This past week at OAME, I was pretty focused on spiralling the math curriculum and on finding more problem solving tasks to use with my class. I find that a lot of the tasks are a bit beyond our reach, which is frustrating.
One of the things I was introduced to was Graham Fletchy’s 3 Act Math Tasks. I so appreciate when a person is willing to create a resource like this and then share it with the wide world! While planning my week, I picked out a few in particular that I thought would engage my students, while also spiralling us back to some Big Ideas we haven’t worked with for a while.
Today we did this task, called Snack Machine. We have had a lot of practice working with each other. We have had a lot of practice thinking about a strategy to use to solve a problem. But this task, and others on the site, really allow for a lot of divergent thinking. There are multiple entry points, and multiple paths to a solution. It’s great!
In the Snack Machine, a video shows a girl buying something from a vending machine. We watched, then talked about it, then watched again, then talked again.
At this point, the children didn’t know what the problem would be. They were simply looking at the video and mathematizing it. The discussion started off with someone suggesting that the girl in the video looked at her change and was disappointed. That definitely had people thinking about why. I got a kick (as my grandma would say) out of one of them suggesting that the machine scammed her.
After the second viewing, we had things to add. We heard 4 coins fall, so which coins might they have been? That lead to a long conversation, mainly because 4 toonies would make that sound, but would be an awful lot of money for a bag of chips, but 4 nickels wouldn’t really make sense either. In act 2, there is a picture of the vending machine showing us that the chips actually cost 60 cents. Then another video shows the machine counting up the money. We added that to our board:

After this, I sent them off to figure out the coins she must have used. Amazing things happened! After everyone had a pretty good shot at solving the problem, I showed the final video. In that video we see that the change was 2 dimes. They used this to confirm that 80 cents had gone in, 20 cents had come out + 60 cents worth of chips, so it all made sense. No scam!

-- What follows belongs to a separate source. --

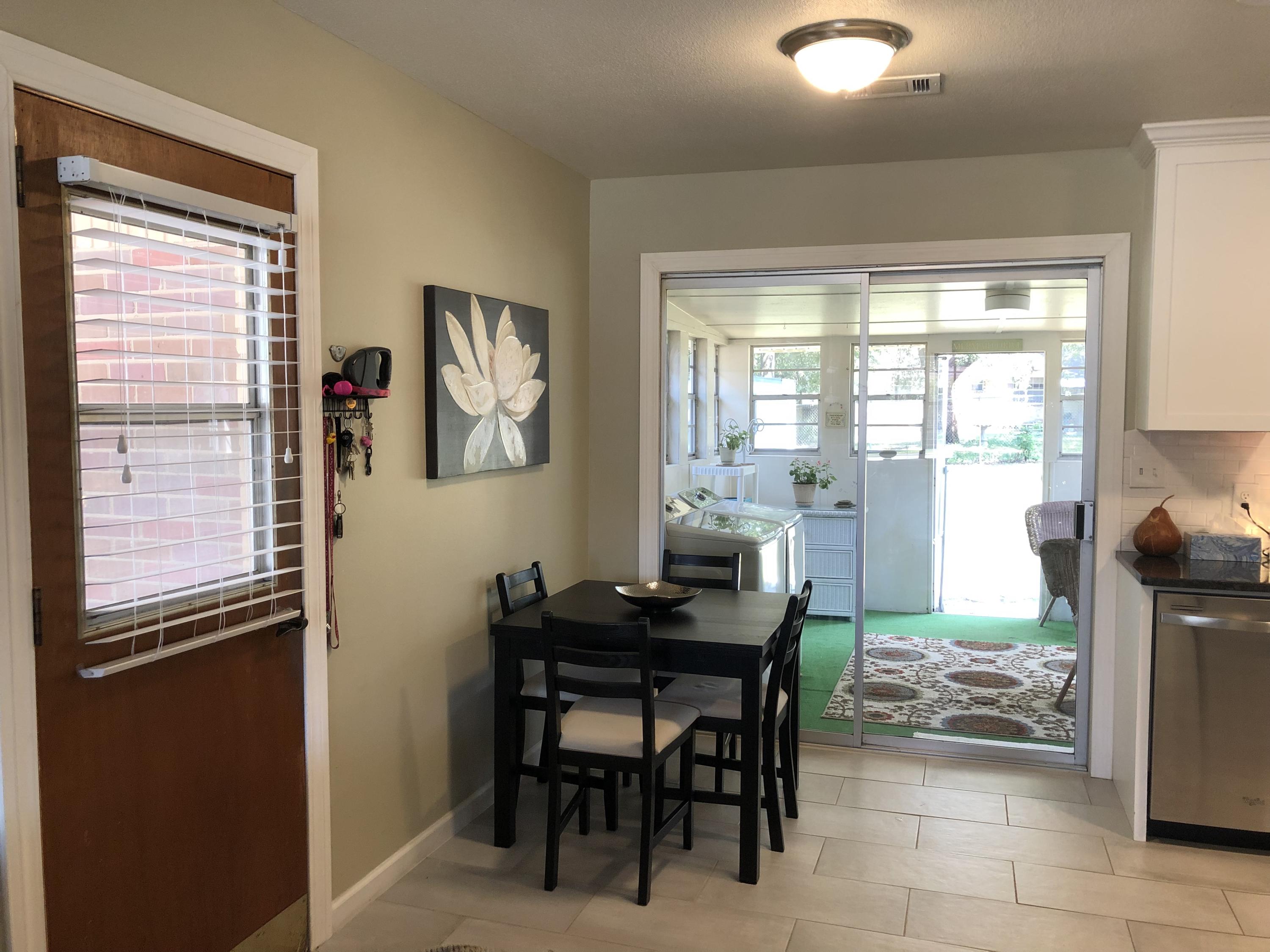 PINE CREST - Residential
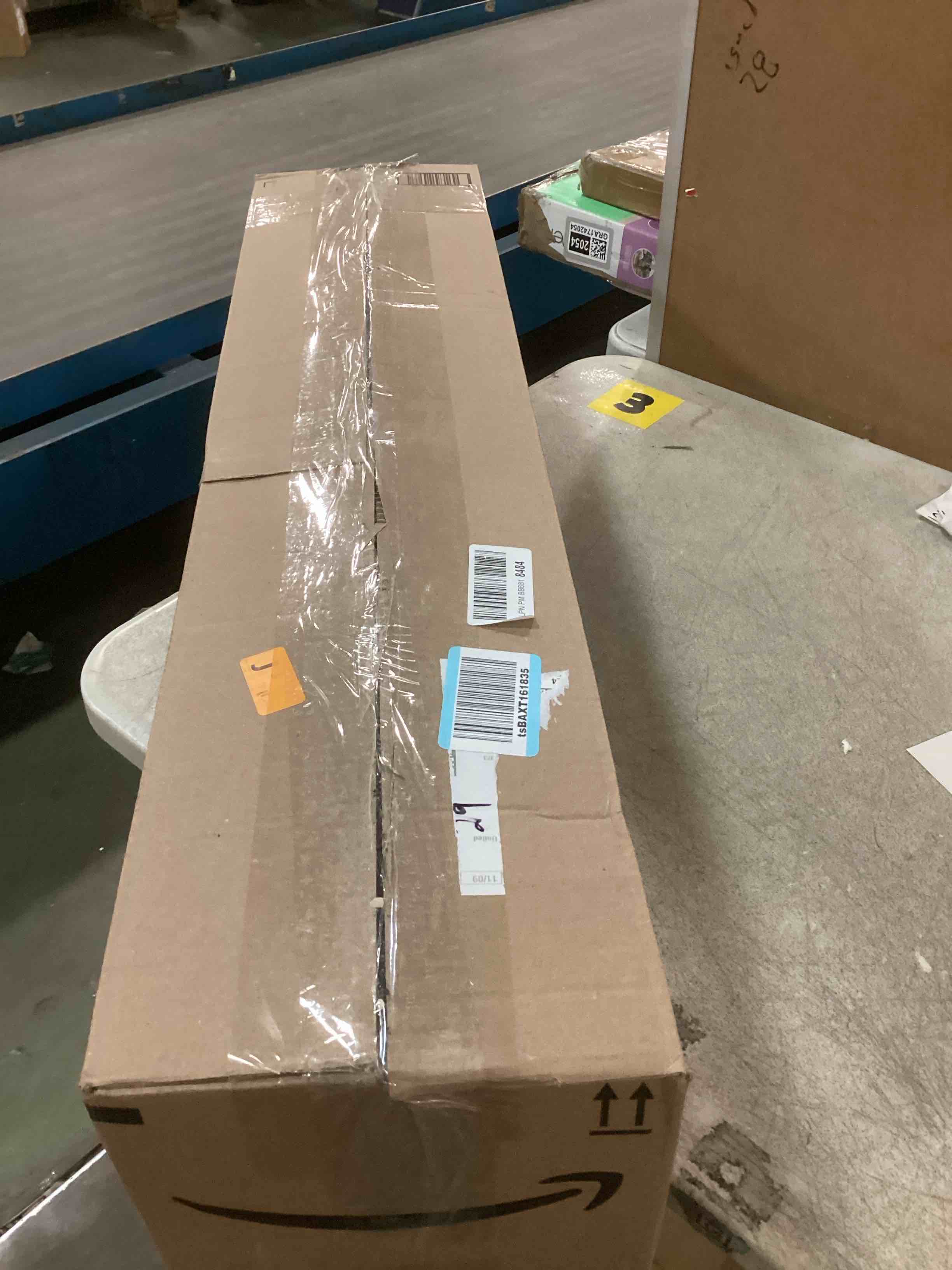 https://s3.amazonaws.com/lotting-images-prod/bidfta/GRA0180463_1733378065111.jpeg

The money used was American money, and of course a little bag of chips would cost more than 60 cents in a Canadian vending machine. But I told them the two coins we saw were dimes, and that was good enough for them.
Yesterday we worked on Sliced Up, which had us estimating, thinking backward from oranges cut into wedges to whole oranges, and finally multiplying (5 whole oranges, 4 wedges from each orange so how many wedges in all?) For tomorrow, I am debating between It All Adds Up which is a nice money connection to Snack Machine, and The Whopper Jar which is a nice follow up to the estimating we did in Sliced Up. Whichever problem doesn’t make the cut tomorrow will our Monday task. I’m learning toward the money problem because I have a bunch of activities we could do as Number Talks to stretch that learning all week.
It’s EQAO week at our school and I like having some fun, confidence building task for my students to work on.